On-site Inspection Procedures and Methodology
The CTBTO is in the process of elaborating procedures for the implementation of relevant Treaty and Protocol provisions in a comprehensive draft OSI Operational Manual. In order to support the draft OSI Operational Manual and within the framework of the quality management system of the CTBTO, the OSI Division is developing a comprehensive set of subsidiary documents that includes manuals, standard operating procedures and work instructions covering OSI processes, procedures and responsibilities. This documentation provides detailed guidance to the inspection team in the field and to supporting staff at headquarters.
Inspection methodology is critical for an OSI and follows a multilevel concept called inspection team functionality. This concept describes the decision making, communication, reporting structures and procedures required for the functioning of an inspection team during an OSI. The framework for the technical and scientific work of the inspection team is the information-led search logic designed to maximize efficiency and effectiveness in collecting facts and information. The search logic is based on the principle that throughout an inspection, all information available to the inspection team at a particular time is systematically assessed to develop an objective rationale for planning and prioritizing inspection activities and is implemented through defined and discrete methodological steps. Inspection team functionality also sets out the functional dependencies and key interactions implemented through the field team functionality concept that is applied in the course of fulfilling specific tasks during field missions.

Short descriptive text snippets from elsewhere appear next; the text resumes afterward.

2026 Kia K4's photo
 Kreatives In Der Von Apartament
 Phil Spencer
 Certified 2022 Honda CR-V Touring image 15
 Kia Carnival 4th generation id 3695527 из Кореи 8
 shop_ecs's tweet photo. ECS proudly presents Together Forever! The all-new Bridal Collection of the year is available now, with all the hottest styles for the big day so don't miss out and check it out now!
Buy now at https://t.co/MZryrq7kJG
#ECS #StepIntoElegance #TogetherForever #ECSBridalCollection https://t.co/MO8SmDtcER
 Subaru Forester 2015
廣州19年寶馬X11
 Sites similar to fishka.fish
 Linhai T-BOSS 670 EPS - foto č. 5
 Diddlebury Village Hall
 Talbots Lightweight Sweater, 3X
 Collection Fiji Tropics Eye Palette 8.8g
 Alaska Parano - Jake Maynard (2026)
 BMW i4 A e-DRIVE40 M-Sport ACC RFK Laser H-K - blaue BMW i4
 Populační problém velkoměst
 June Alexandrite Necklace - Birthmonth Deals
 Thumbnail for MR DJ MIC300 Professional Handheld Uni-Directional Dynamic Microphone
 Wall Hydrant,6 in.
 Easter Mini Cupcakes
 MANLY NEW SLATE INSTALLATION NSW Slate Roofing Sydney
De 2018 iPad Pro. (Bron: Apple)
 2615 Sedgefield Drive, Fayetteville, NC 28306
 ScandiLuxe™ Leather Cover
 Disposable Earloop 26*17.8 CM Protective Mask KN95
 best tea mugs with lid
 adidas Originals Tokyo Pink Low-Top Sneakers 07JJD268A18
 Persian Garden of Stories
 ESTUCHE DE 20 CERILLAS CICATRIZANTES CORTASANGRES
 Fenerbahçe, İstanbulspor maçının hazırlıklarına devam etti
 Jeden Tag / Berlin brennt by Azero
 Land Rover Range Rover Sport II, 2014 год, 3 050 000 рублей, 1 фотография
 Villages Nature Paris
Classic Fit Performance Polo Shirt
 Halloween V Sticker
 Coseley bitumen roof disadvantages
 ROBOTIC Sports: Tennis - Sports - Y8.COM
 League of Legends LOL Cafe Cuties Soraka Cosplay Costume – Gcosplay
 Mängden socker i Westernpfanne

The inspection team functionality and field team functionality concepts are practically implemented using a map based platform called the Geospatial Information Management for OSI (GIMO). This system is used for all methodological steps of the search logic, from posing questions of interest in search zones in the inspection area to the development, prioritization, resourcing and conduct of missions to answer those questions, as well as reporting findings. GIMO also provides a tool for the inspection team to acquire, integrate, disseminate and interrogate data in a multidisciplinary manner, thereby supporting the conduct of an efficient and effective inspection.
At the centre of an OSI will be a team of up to 40 inspectors, including experts in the application of OSI techniques listed in the Protocol to the CTBT, Part II, paragraph 69, “Inspection Activities and Techniques”, as well as ancillary functions such as health and safety, operations and logistics support. The inspectors will be able to use a range of increasingly intrusive techniques to collect facts and information within a designated inspection area of up to 1000 km². Following the conclusion of an inspection, the inspection team will report its findings to the Director-General of the CTBTO.
In preparation for EIF, the CTBTO is continuously developing, testing and refining a detailed inspector training programme. It has developed a diverse roster of approximately 170 ‘surrogate’ inspectors comprising experts nominated by States Signatories and staff of the organization. The training programme includes face-to-face and distance learning, computer based and hands-on technical equipment training, and courses on cross-cutting elements such as health and safety, operations support and logistics, methodologies, reporting, soft skills and leadership. The OSI training programme includes multiple opportunities for field practice and concludes with one or more major field exercises.
Learn more about OSI training activities here.
The Technology Support and Training Centre (TeST Centre) in Seibersdorf, near Vienna, serves as a storage, maintenance, calibration and equipment testing facility primarily for OSI as well as the other technical Divisions of the organization. It also serves to support the conduct of training and field exercise activities. The TeST Centre includes a dedicated and secure protected area for the storage of OSI equipment, together with the infrastructure needed to facilitate its rapid deployment for OSIs upon EIF.
The Director-General and the inspection team in the field will be able to rely on the Operations Support Centre (OSC), an ad hoc supporting entity whose role is to support and assist the inspection team during the preparation, conduct and reporting of an OSI. The OSC will coordinate activities within the organization during the launch of an inspection, provide technical and operational support to the inspection team throughout its deployment and assist the Director-General in fulfilling his/her OSI related responsibilities in accordance with the Treaty. In 2019, the Commission inaugurated a new, custom designed Operations Centre at its headquarters at the Vienna International Centre, within which the OSC will operate, when required.
Operations Centre at the headquarters of the Preparatory Commission at the Vienna International Centre.
An on-site inspection needs to be fielded quickly after a suspected nuclear explosion.
The inspection team should include no more than 40 persons.
The inspection team has full access to the inspection area. The inspected State Party may restrict access to some areas under the managed access mechanism.